The financial life of a prudent index investor is purposefully dull. You know the routine. Pick a balanced portfolio of basic low-fee funds and ETFs, rebalance occasionally, and hope to wake up comfortably rich one day.

Where's the spark in that? Where's the pizzazz? Where are the piles of doubloons? To become stinking rich, you have to strap on the six shooters and shoot for higher targets.

Cue the normal caveats: This ratchets up your risk. It is not for everyone. It could leave you poor.

But that being said, let's take a look at a risky but potentially profitable way to amp up the returns from index investing.

Instead of spreading your bets around, we'll examine what would have happened over the past four decades if you had used momentum trends to pick where to invest among six basic asset classes: three-month Canadian treasury bills, long-term Canadian bonds, the S&P/TSX composite, the S&P 500, international stocks (via the EAFE index), and gold.

A sensible investor who invested equal parts of their portfolio in each asset would have netted a handy average annual return of 10.4 per cent since 1971. But those with more derring-do might have opted to buy the asset class that had fared the best over the prior year. Those brave souls would have nabbed an 18.6-per-cent average annual return.

On the other hand, contrarian investors, who bought into whatever happened to be the worst class over the prior year, would be crying in the poor house with returns of only 5.7 per cent a year. The path taken by each of these investors is displayed in the accompanying graph. (It shows results in Canadian dollars before fees are subtracted and assumes annual rebalancing.)

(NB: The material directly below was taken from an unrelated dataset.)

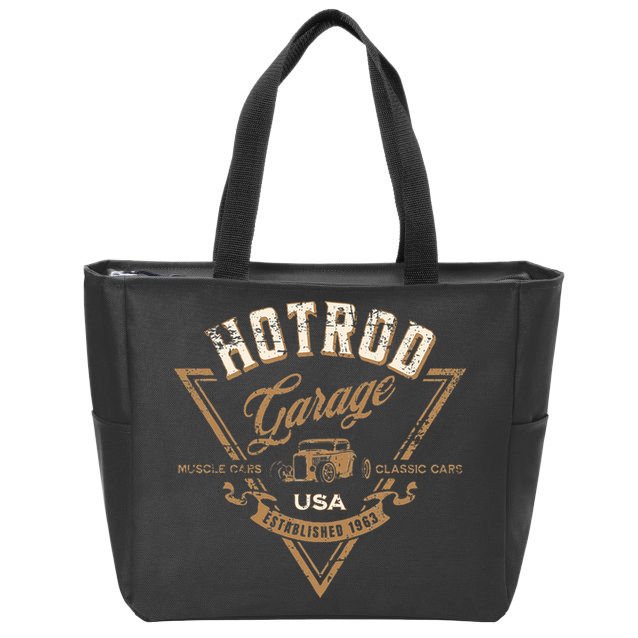 Hotrod Garage Usa Classic Car Hotrod Distressed Design Zip Tote Bag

Asset class momentum returns
[larger version]


Rather surprisingly, momentum still wins by a mile even if you exclude any one of the six asset classes from the mix. (Mind you, ignoring gold reduces overall returns rather substantially because gold saw some very nice runs in the 1970s and 2000s.)

The time spent at the top of the heap is shown in the accompanying bar chart. As you might expect, the top-performing asset class was most often dethroned by a new one after only one year. Such periods are collected up into the one-year category. It's the relatively high number of two-, three-, and four-year streaks that make the momentum strategy shine. They put momentum investors in the best asset class about 34 per cent of the time. Even better, the largest down period for momentum was a decline of only 5.6 per cent back in the early 1980s when it erred by moving into the S&P 500.

Momentum streaks
[larger version]


So should you unleash your inner Yosemite Sam and try to reach for better returns using a concentrated momentum approach? It's hard to endorse such a scheme because these methods tend to eventually blow up like old barrels of TNT. But if you want to lean a bit in this direction, a little birdie told me that long bonds are the place to be in 2012.